Harnessing your IT case study
B2B e-commerce case study – harnessing IT resources to market
your products
To design a usable web interface for your online showroom you must
begin with an analysis of the tasks your customers need to carry out
using your site. After that you can find how to reduce the guesswork and
‘information stress’ associated with carrying out those tasks. This
will create an experience that makes it easy and profitable to transact
with you – rather than a confusing chore.
The problem:
A consumer goods manufacturer was developing a B2B e-commerce site to
enable its clients to place and track orders online. They were working
with an established ERP developer to design the interface. Even though
the manufacturing company knew what it wanted, and the developers had a
robust, scalable and flexible system, the first version of the interface
clearly wasn’t right.
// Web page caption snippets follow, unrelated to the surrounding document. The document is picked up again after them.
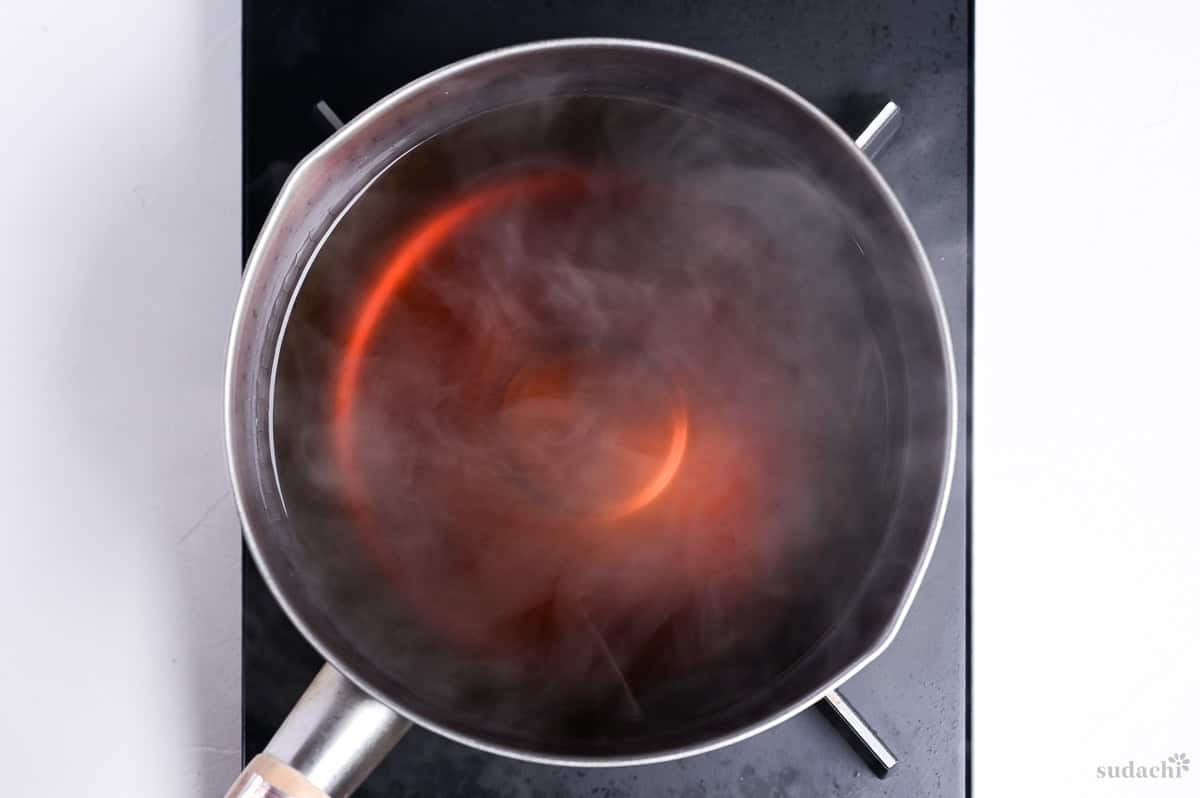 Udon noodle soup in a pot on the stove top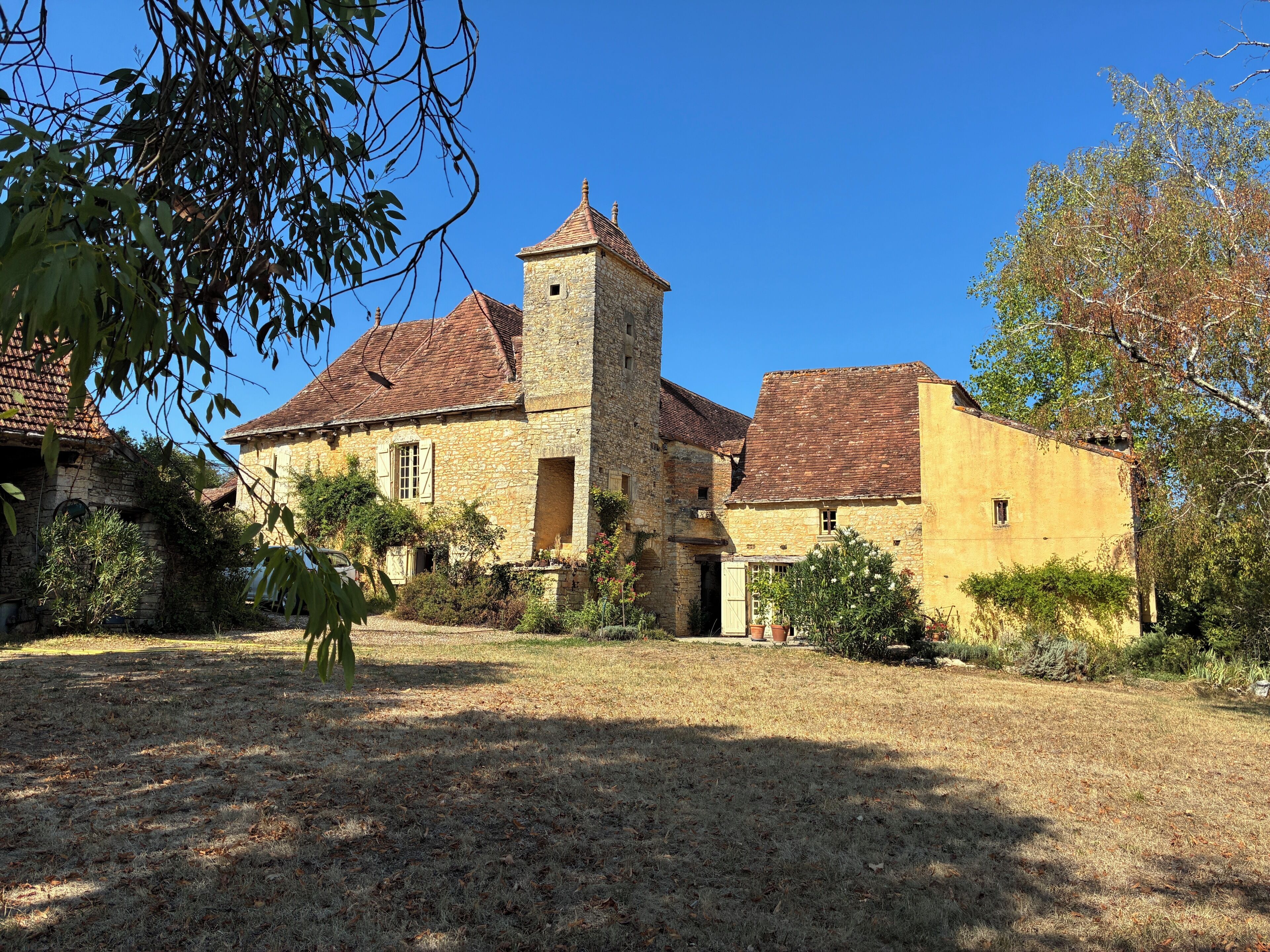A stone building with a tower, surrounded by dry grass and trees.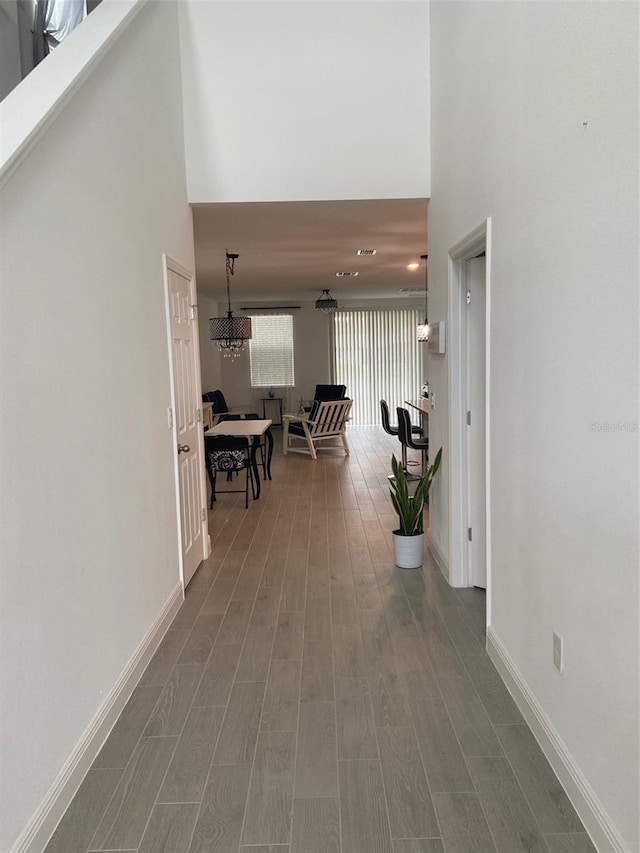 hallway with a notable chandelier, wood-type flooring, and a high ceiling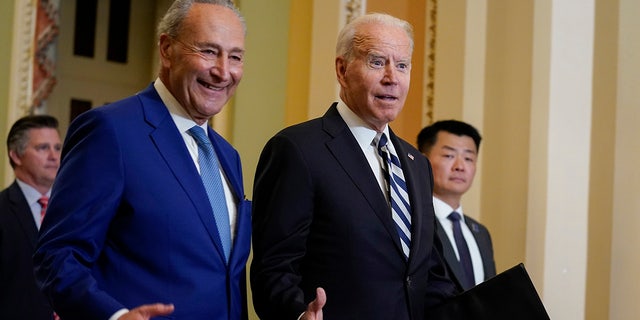 President Joe Biden walks with Senate Majority Leader Chuck Schumer, D-N.Y., at the Capitol in Washington, Wednesday, July 14, 2021, as he arrives to discuss the latest progress on his infrastructure agenda. (AP Photo/Evan Vucci)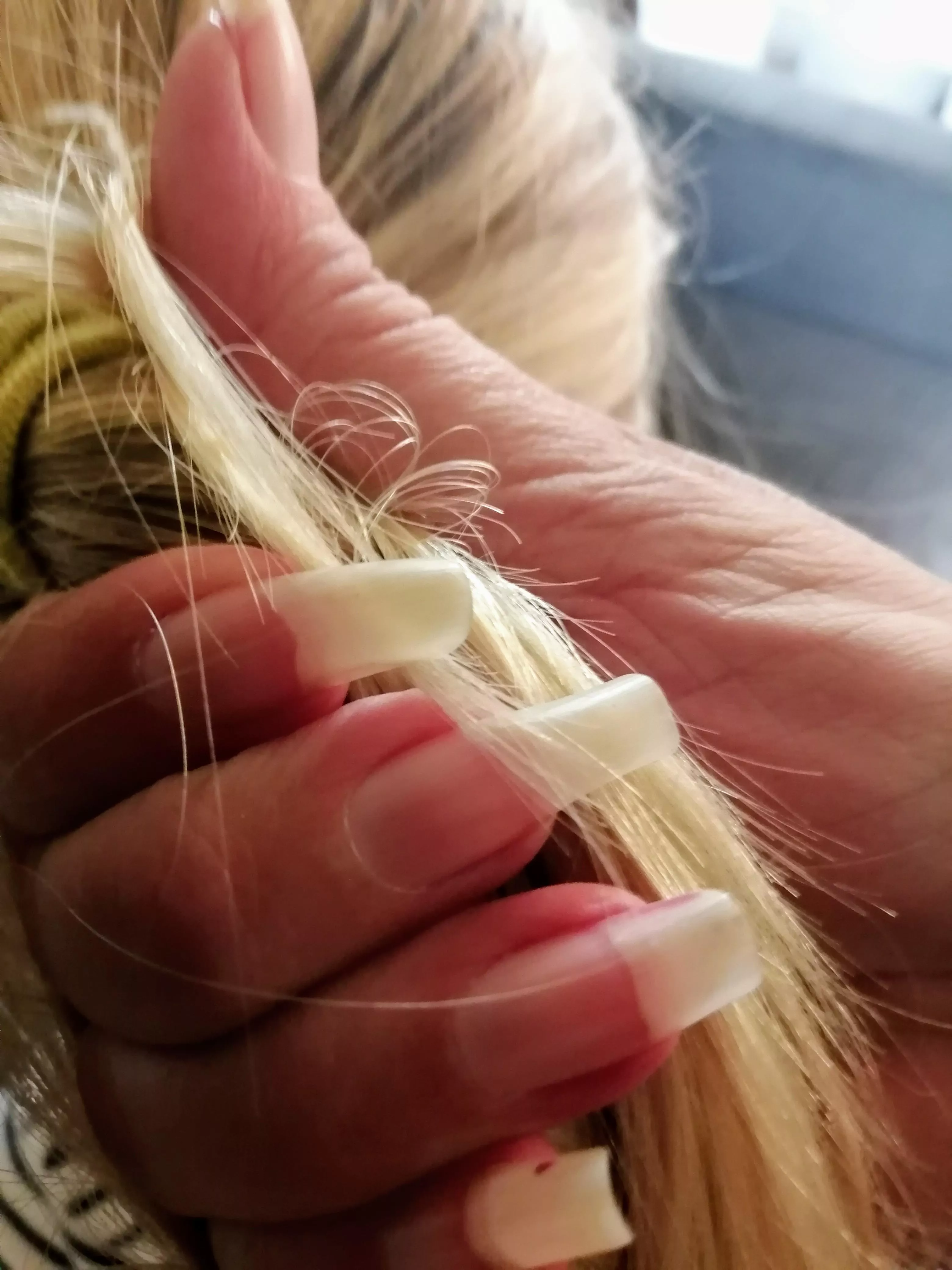 A little tug on a ponytail... With my natural nails!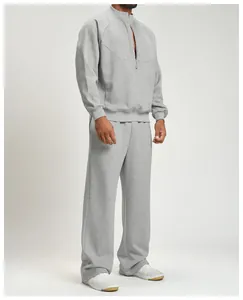 Full view of men's athletic grey loose wide-leg jogger sweatpants worn by a model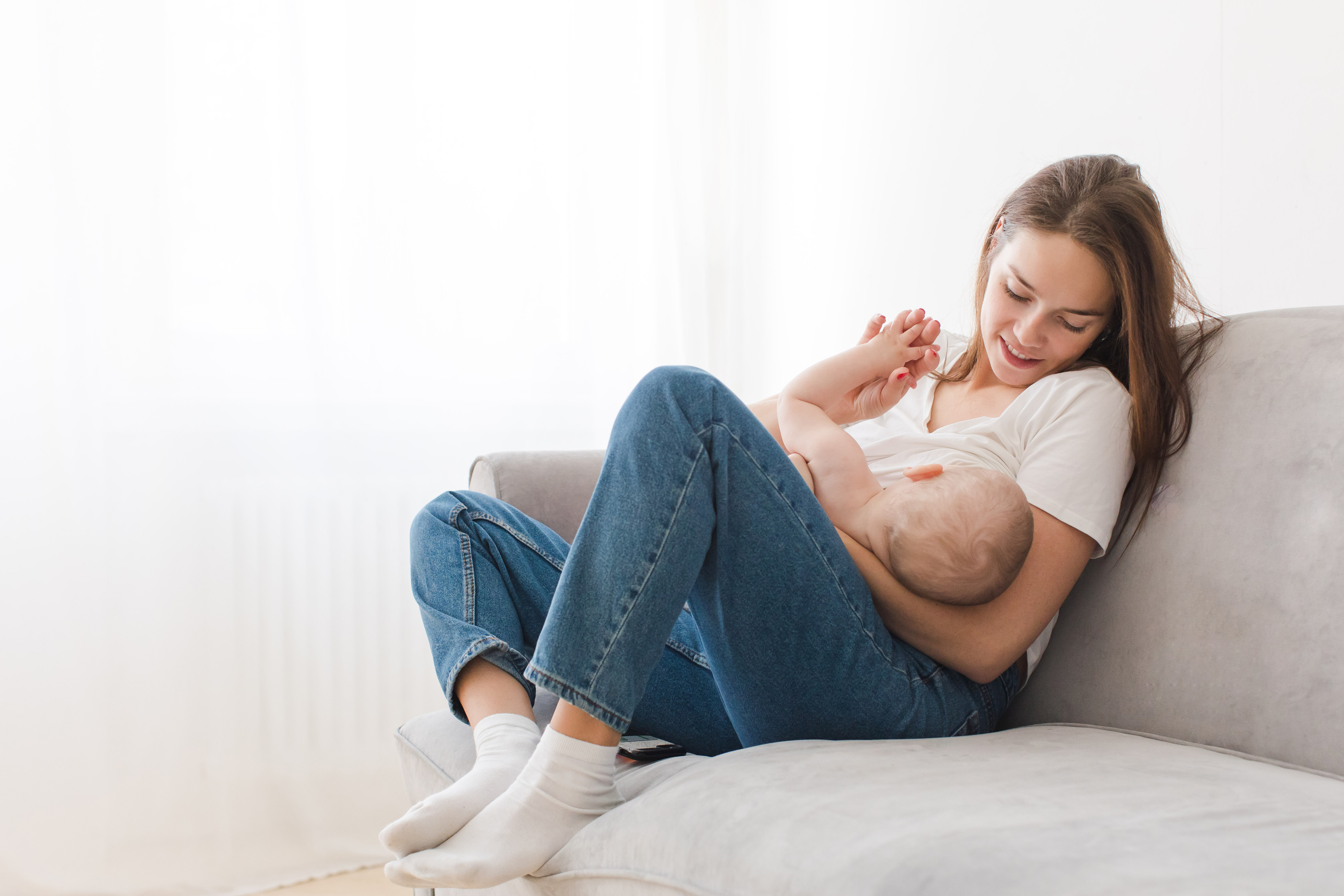 Postpartum woman sitting on the couch breastfeeding her newborn baby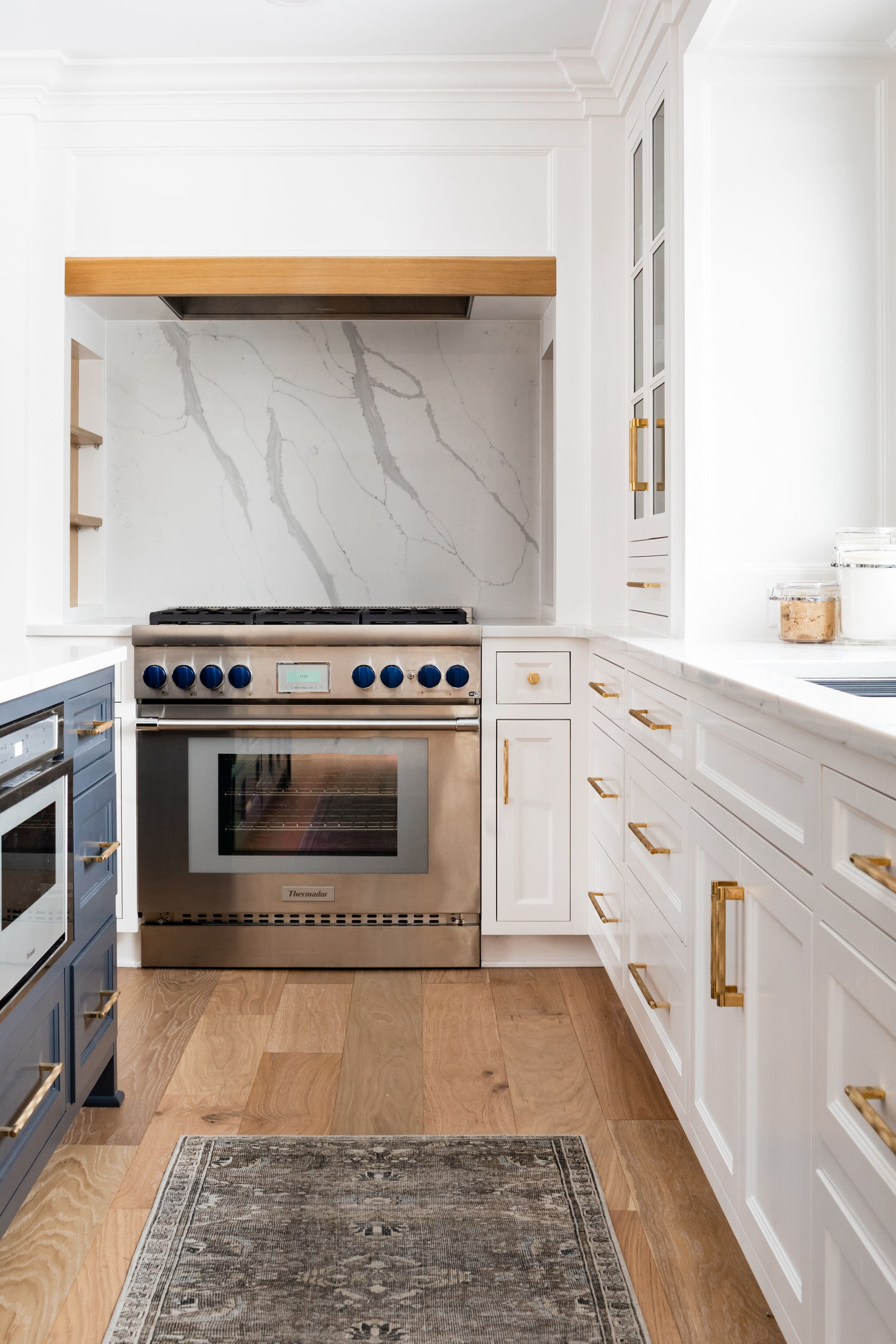 Edina Minnesota custom home interior remodel featuring custom white painted cabinets, Sherwin Williams cyberspace painted island, gold hardware, custom lighting, luxury cabinets, black bar stools, Andersen black windows, Delta faucet, Thermador kitchen range, and white oak accents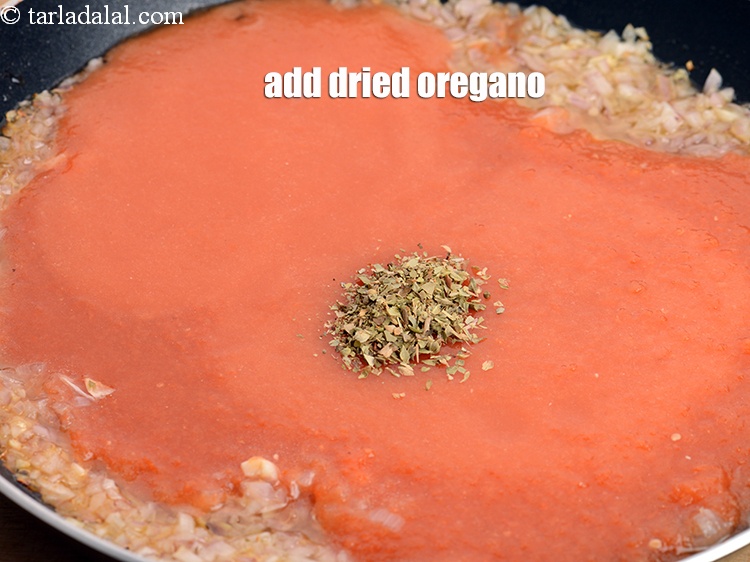 Step 34 – Add &frac12; tsp&nbsp;<a href="https://www.tarladalal.com/glossary-dried-oregano-268i">dried oregano</a>.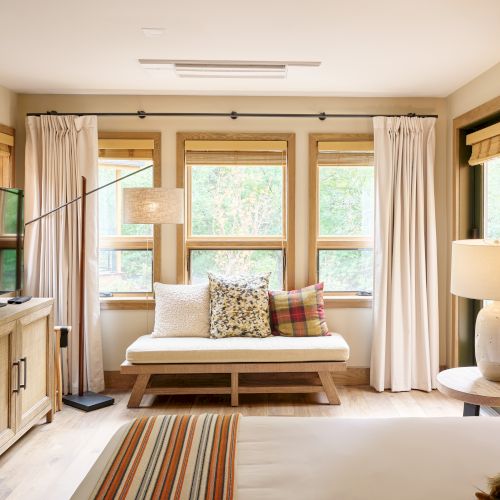 A cozy bedroom with a bed, wooden furniture, TV, floor lamp, and pillows on a bench, framed by large windows with curtains.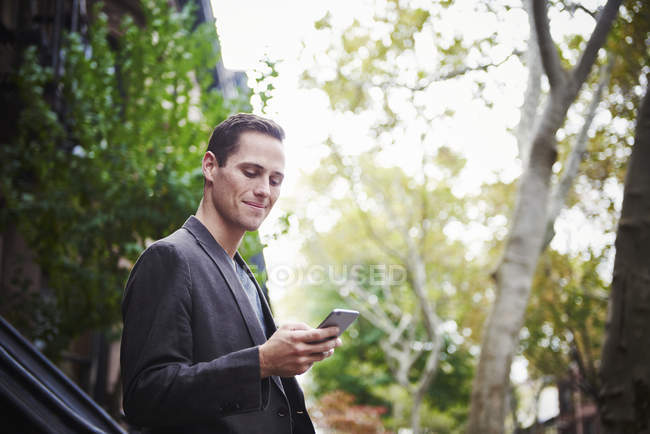 Молодой бизнесмен стоит на городской улице и смотрит вниз на смартфон . — стоковое фото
Everyone knew there were problems, but the
company’s sales support staff found they lacked the expertise to define
the concerns and identify specific and workable solutions.
Both parties to the design of the site were too close to it to grasp
the real problems. The sales support staff knew the catalogue structure
too well, and the developers knew the functionality of the system too
well – as a result neither could understand why a first-time site user
might not understand the online interface that they were seeing.
So the manufacturers called in Wired’s user experience consultant to
act as a third party ‘circuit-breaker’. This is the value of involving a
‘user advocate’ in the design process.
The solution:
The user experience expert could see where the trouble was.
There were three main problem areas:
-
Information architecture issues
-
GUI design issues in the public pages
-
GUI design issues in the e-commerce pages.
Basically the catalogue had been arranged in a structure that worked
when read as a list on a page. When presented as a menu and a sequence
of web pages, users found it confusing. In addition, the screens
involved in the process of logging in and making an order did not
explain to users where to go next. As a result these processes were
likely to present many ‘stress points’ where customers could not tell
what they should do.
The client company thought the catalogue made sense because they knew
it inside out – but presented screen-by-screen it was not easy to
navigate through. Having the third party to represent the users’ needs
and communicate these to both the client and the developers produced a
great outcome – one that was in everybody’s interest.